The scene where Mason dangles FBI Director Jim Womack off the balcony was shot at the actual famed Fairmont Hotel in San Francisco. Apparently, not everybody was aware that a movie was being shot. The hotel received several calls from concerned onlookers about a man dangling from the building.
In the original screenplay, David Morse’s Major Baxter turns on Harris’ General Hummel and kills him. In the film, though, Baxter merely pretends to turn on Hummel and then opens fire on the mutineers.
The Rock is a big, bombastic ‘90s action movie, and it had a $75 million budget as a result. It still made plenty of money, though. The Rock reeled in $335.1 million, making it the seventh-highest-grossing movie of 1996.
You don’t imagine a Bay movie getting nominations from the Academy Awards, for The Rock got itself one nomination. Not for directing, of course, but for Best Sound. It did not win, but Cage and Connery did win Best On-Screen Duo at the MTV Movie Awards.

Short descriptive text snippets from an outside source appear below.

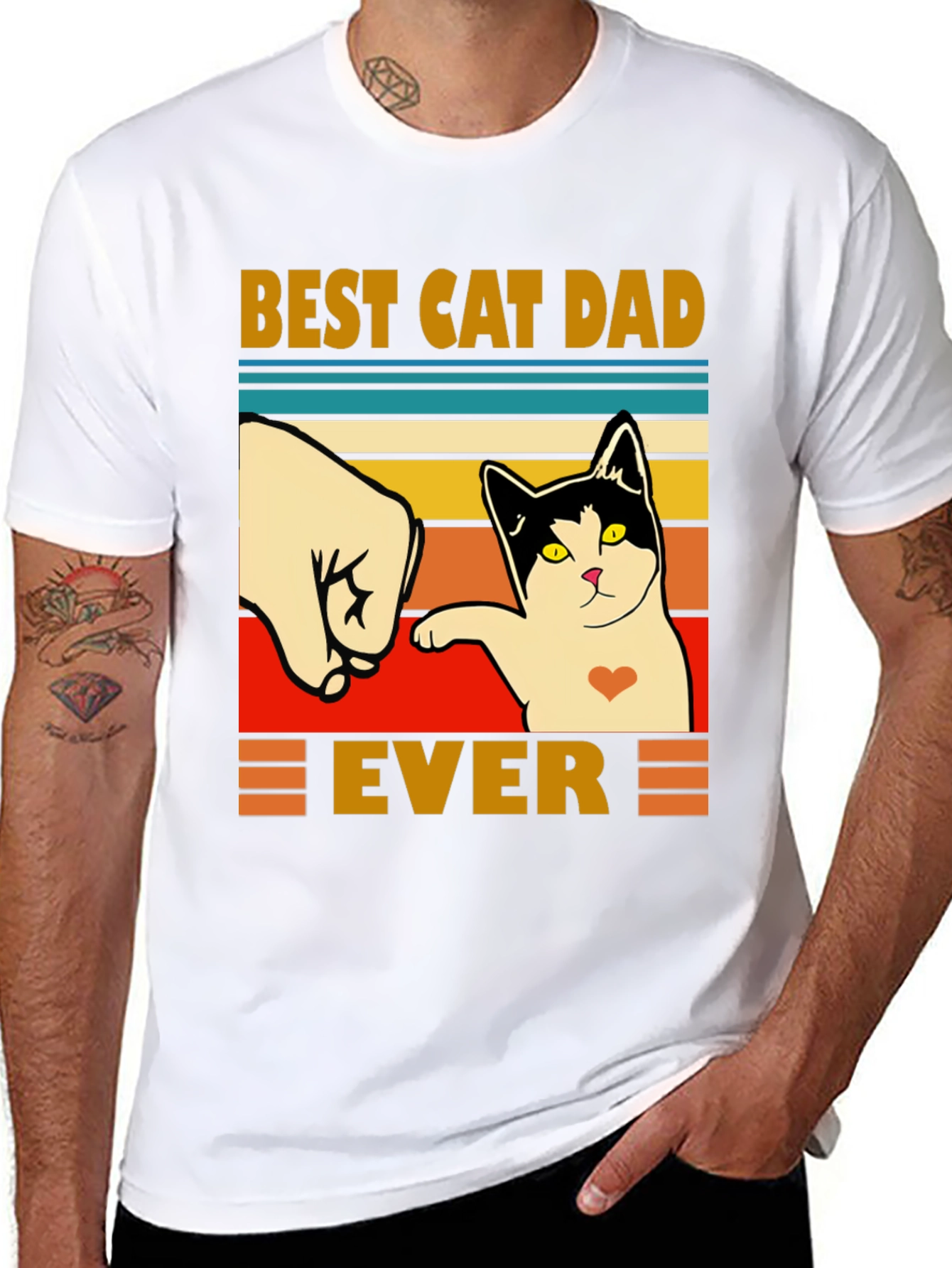Camiseta Negra Best Cat Dad Ever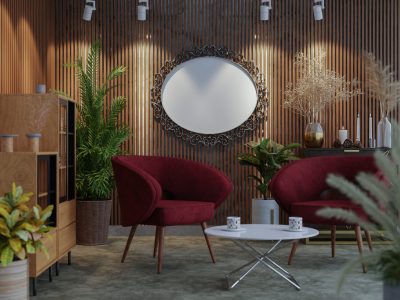 3D illustration mockup photo beautiful frame on the wall in living room, scandinavian style interior with cozy furniture and houseplant in natural decoration concept, rendering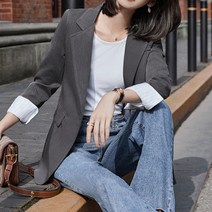 헤이슈 심플 베이직 스트라이프소매 세미정장자켓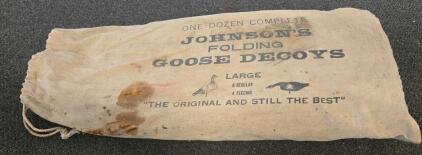 Johnson&rsquo;s Folding Goose Decoys Set of 12, Plywood, Original Bag, Metal Stakes, 1950s-60s Vintage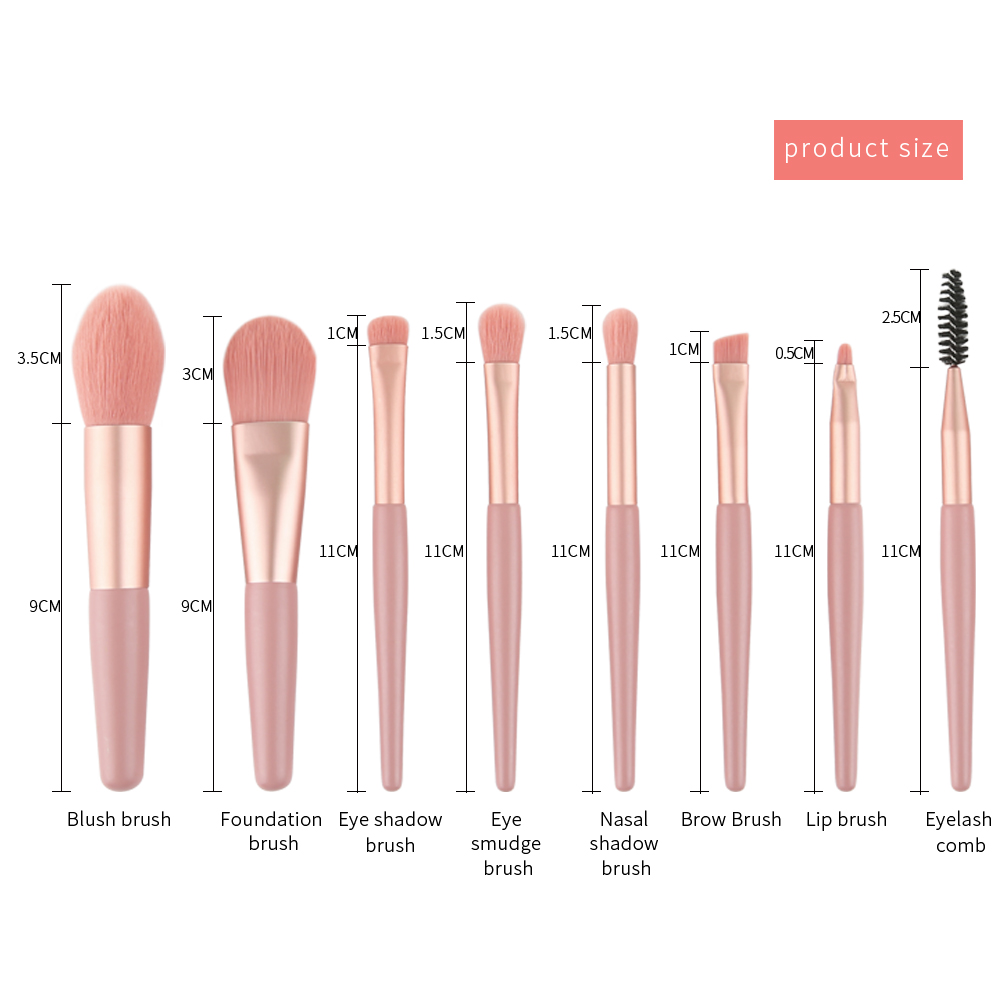 Mini portable travel wooden makeup pink maquillaje make up brush cosmetic set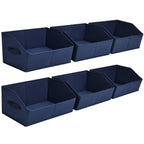 Homsorout Closet Organizers Bins 6 Packs - Large Closet Shelf Organizer with Handles, Fabric Trapezoid Storage Bins, Collapsible Storage Cubes for Clothes, Towels, Light Gray
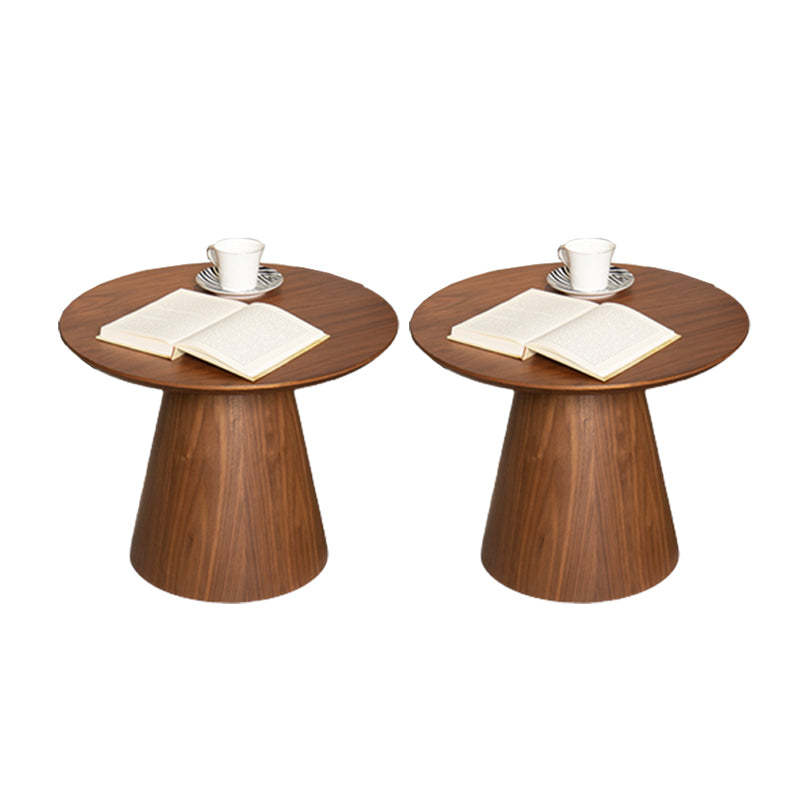Contemporary Living Room Round Pedestal Solid Wood End Table Walnut 2 Clearhalo 'Coffee & Accent Tables' 'End & Side Tables' 'end_side_tables' 'furn' 'furn_end_side_tables' 'Furniture' 'Living Room Furniture' 6290358
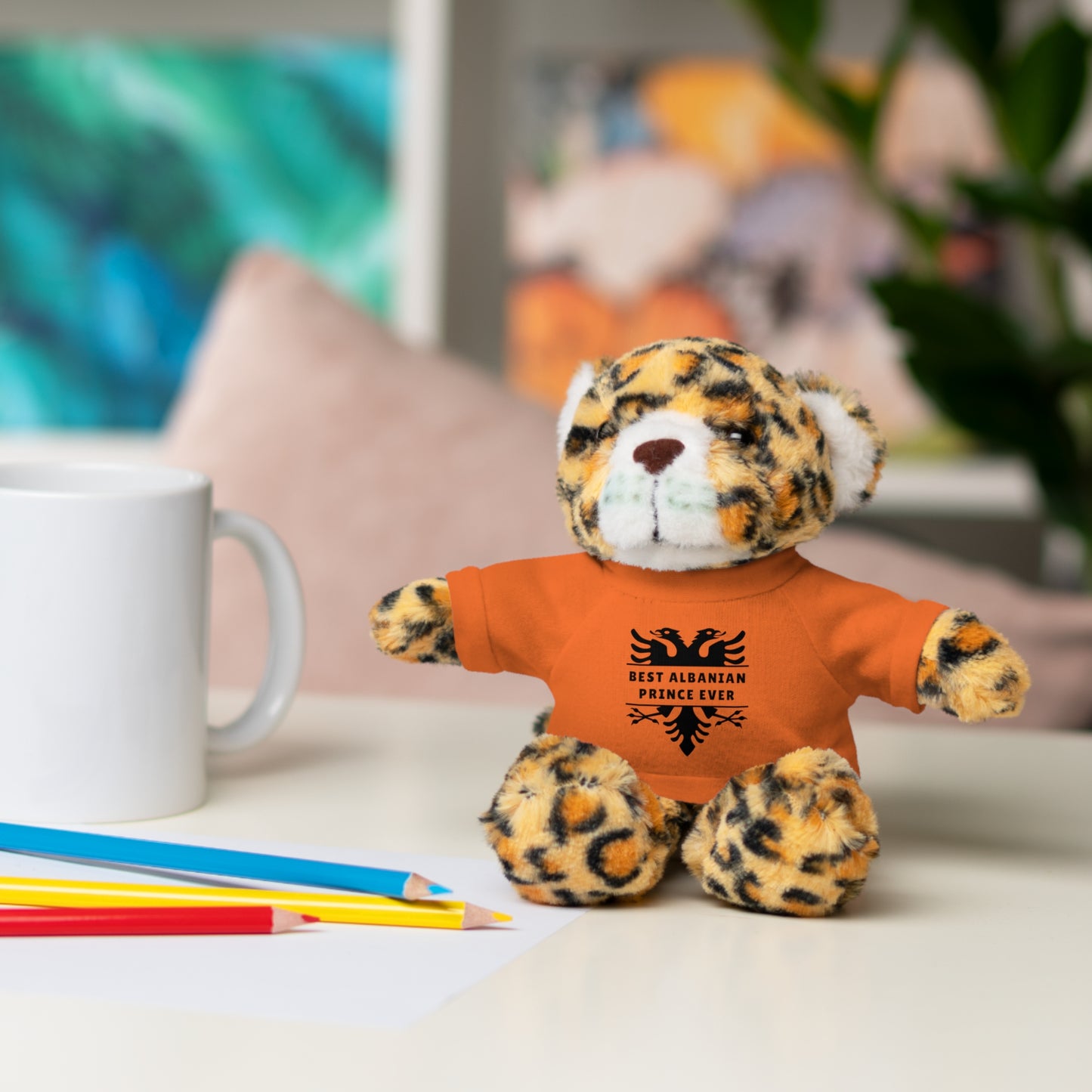 Best Albanian Prince Ever | Personalized 8" Plush Stuffed Animal Jaguar | Custom Tee in Multiple Colors | Gift for Kids & Collectors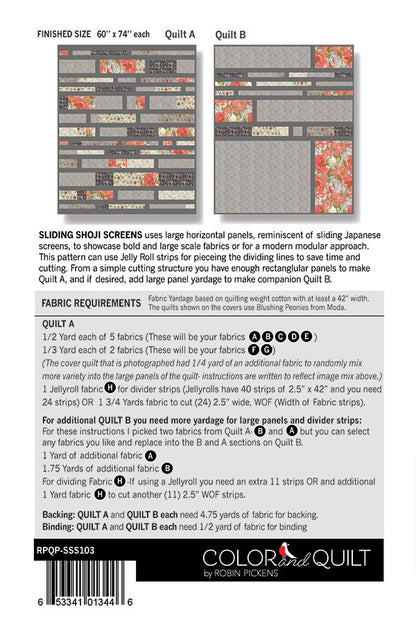 Sliding Shoji Screens Quilt Pattern - Dandi Duo - Robin Pickens - Moda - RPQP SSS103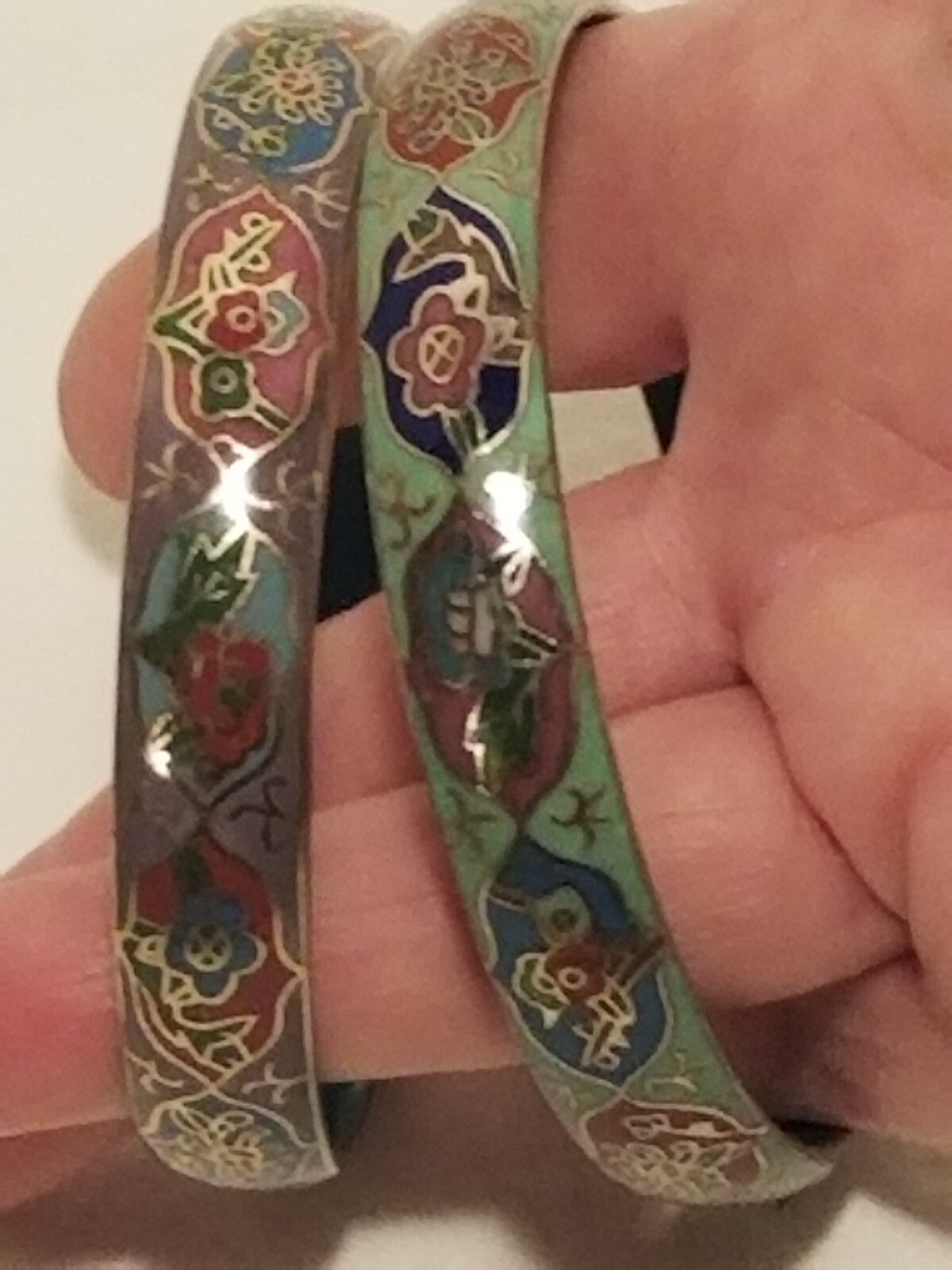 Vintage Chinese Cloisonne Enamel Flower Bangle Bracelet Lot (2) Beijing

The Criterion Collection releases DVDs of films that tend to be critical darlings, arthouse films, indies, and things of that ilk. They also released The Rock in their collection. This was, needless to say, a bit of a surprise for the company that champions “cinema at its finest.” Criterion’s release was accompanied with an essay of support by none other than Roger Ebert. Ebert was not a fan of Bay at all, but he gave The Rock three-and-a-half stars.
Bay made two Bad Boys movies and a million Transformers movies, give or take. He also had plans for a sequel to The Rock that never happened. The film would have followed Connery’s John Mason while he was on the run, but it never got past the development stage.